17. It was submitted that the judge failed to have regard to the observations made in WAS (Pakistan) [2023] EWCA Civ 894 when setting aside the judgment of the Upper Tribunal:

“… on this aspect of the case, the UT erred in law by losing sight of the fact that direct evidence about 'the level of and the mechanics of monitoring' in the United Kingdom is unlikely to be available to an asylum claimant or to a dissident organisation…”

18. Those observations were made in relation to the evidence in an appeal concerning a political opinion asylum claimant from Pakistan. The difference between that case and the present appeal is that evidence was put forward on the Appellant’s behalf of monitoring to which the judge gave sustainable reasons for giving no weight. As well as the country expert’s opinion, there were documents describing the Appellant’s sur place activities which the judge considered deserved no weight as they had been tailored to advance the Appellant’s case: see, e.g., [53] of the decision.

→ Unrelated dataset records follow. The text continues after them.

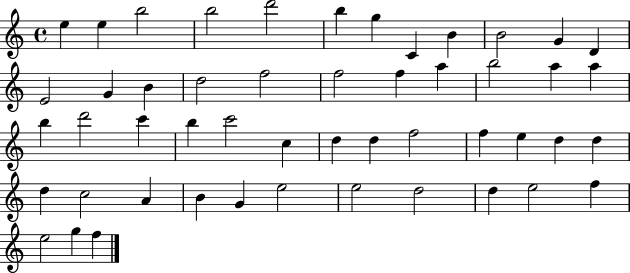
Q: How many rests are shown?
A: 0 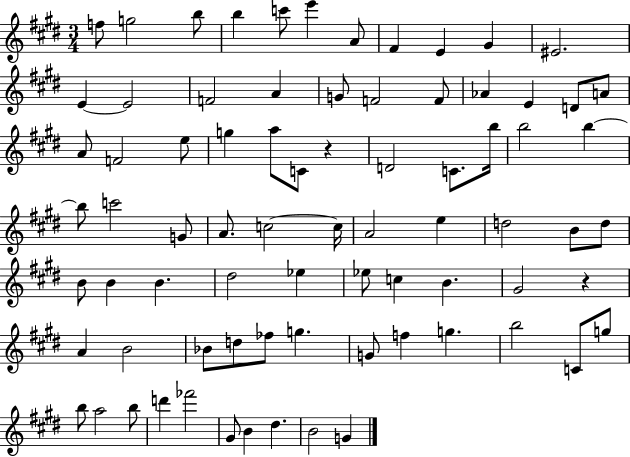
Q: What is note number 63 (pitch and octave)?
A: B5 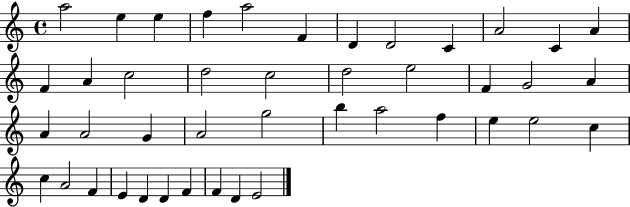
X:1
T:Untitled
M:4/4
L:1/4
K:C
a2 e e f a2 F D D2 C A2 C A F A c2 d2 c2 d2 e2 F G2 A A A2 G A2 g2 b a2 f e e2 c c A2 F E D D F F D E2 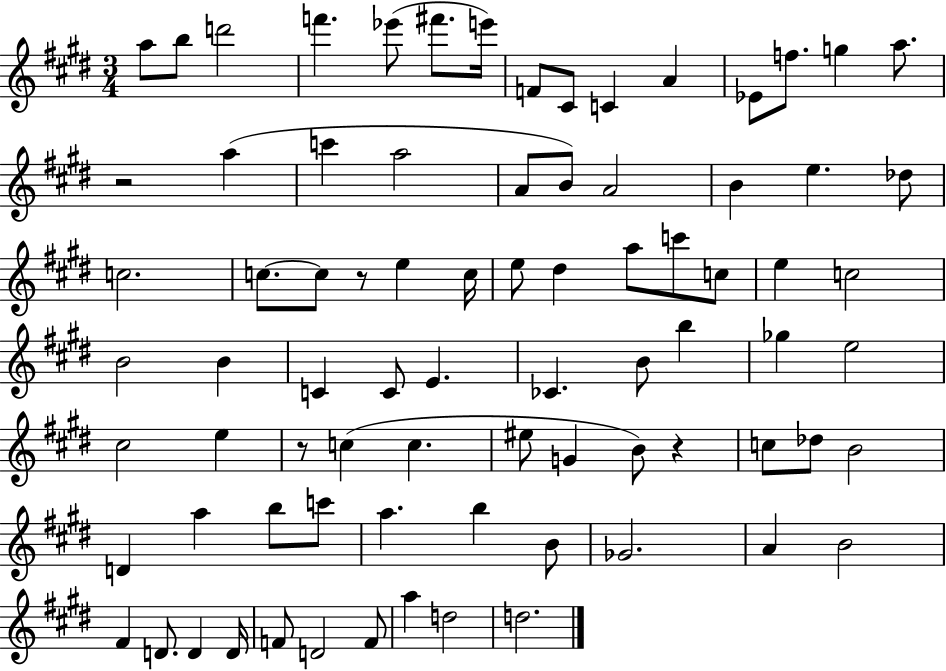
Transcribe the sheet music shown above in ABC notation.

X:1
T:Untitled
M:3/4
L:1/4
K:E
a/2 b/2 d'2 f' _e'/2 ^f'/2 e'/4 F/2 ^C/2 C A _E/2 f/2 g a/2 z2 a c' a2 A/2 B/2 A2 B e _d/2 c2 c/2 c/2 z/2 e c/4 e/2 ^d a/2 c'/2 c/2 e c2 B2 B C C/2 E _C B/2 b _g e2 ^c2 e z/2 c c ^e/2 G B/2 z c/2 _d/2 B2 D a b/2 c'/2 a b B/2 _G2 A B2 ^F D/2 D D/4 F/2 D2 F/2 a d2 d2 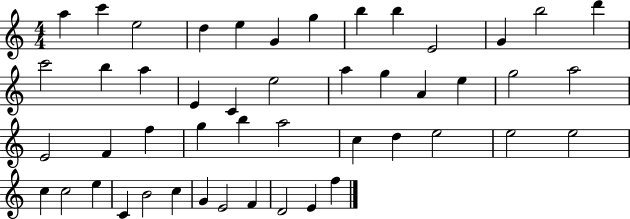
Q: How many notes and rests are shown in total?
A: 48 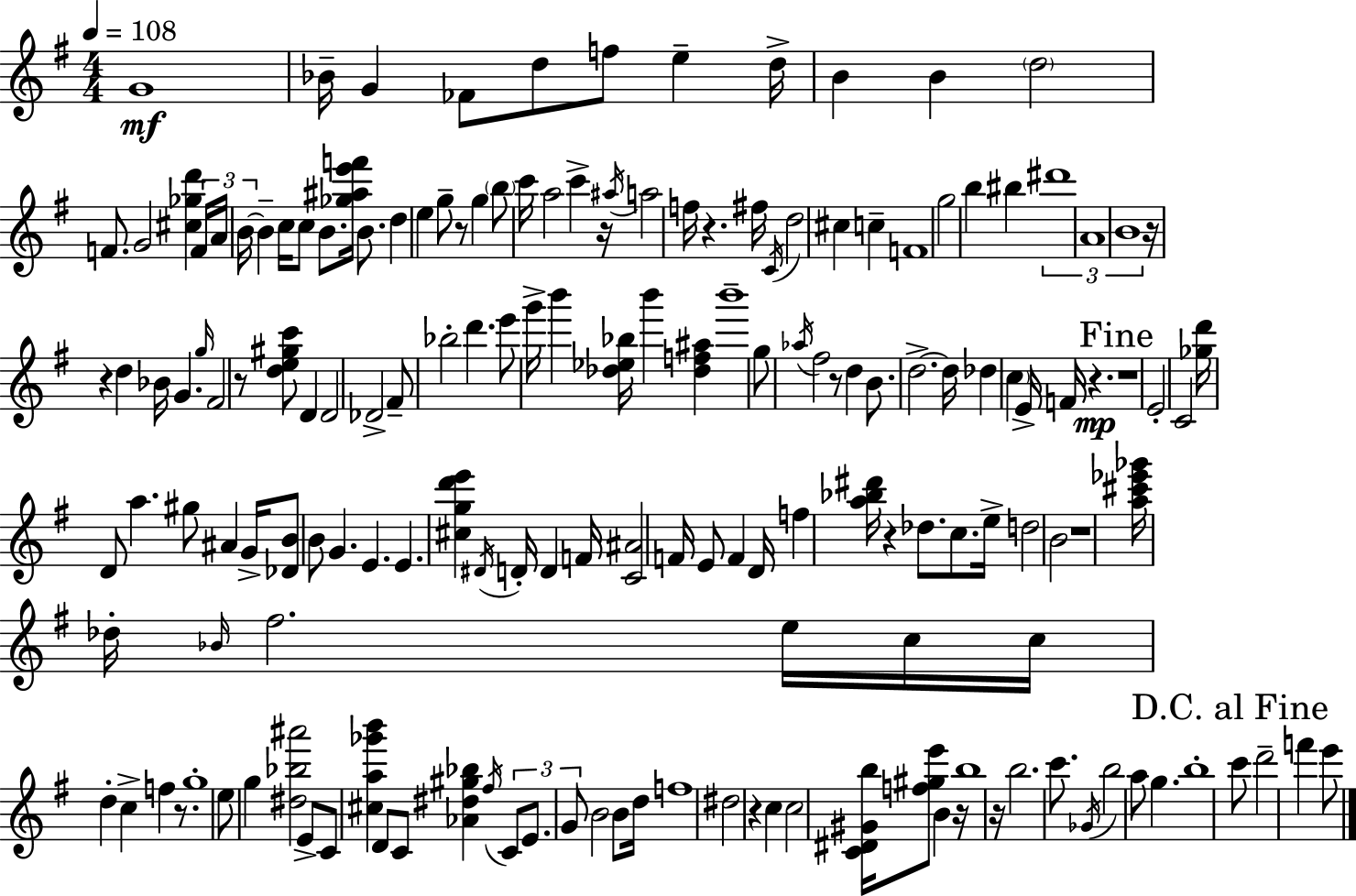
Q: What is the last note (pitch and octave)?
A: E6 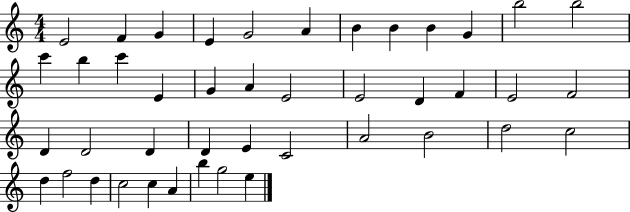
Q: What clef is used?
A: treble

19. The remaining complaint advanced on the Appellant’s behalf was that Judge Hussain had not explained what view he took of the medical evidence. The medical report was discussed by the Respondent at length in the reasons for refusal letter. As was noted, the expert considered that many of the scars were consistent with the Appellant’s claims but that there were other possible explanations for some of the scarring which the Appellant claimed were from his mistreatment in Ethiopia. The judge stated at [40] of his decision: “Even if I take the report as being favourable to the Appellant, when these are set against the evidence that is against him, I find that applying the appropriate standard of proof, I cannot come to any conclusion other than to find that the Appellant has not presented a truthful account of his experiences in Ethiopia.” In other words, Judge Hussain found that the medical report taken at its highest was insufficient to overcome the numerous credibility and reliability problems with the Appellant’s evidence which the judge went on to explain in the remainder of his decision. This was an example of the application of anxious scrutiny to the case. The judge’s finding was clear.

20. Having considered the submissions, the tribunal finds that the grounds advanced on the Appellant’s behalf were at best an expression of disagreement. None of the adverse conclusions the very experienced judge reached were in the least surprising. The judge set out his reasoning fully and clearly when dissecting a weak repeat appeal. The tribunal finds that there were no material errors of law in the decision challenged. The onwards appeal is dismissed.

Notice of decision

­Order Regarding Anonymity

Pursuant to rule 14 of the Tribunal Procedure (Upper Tribunal) Rules 2008, the appellant is granted anonymity.

No-one shall publish or reveal any information, including the name or address of the appellant, likely to lead members of the public to identify the appellant. Failure to comply with this order could amount to a contempt of court.

The appeal is dismissed

The making of the previous decision did not involve the making of a material error on a point of law. The decision stands unchanged.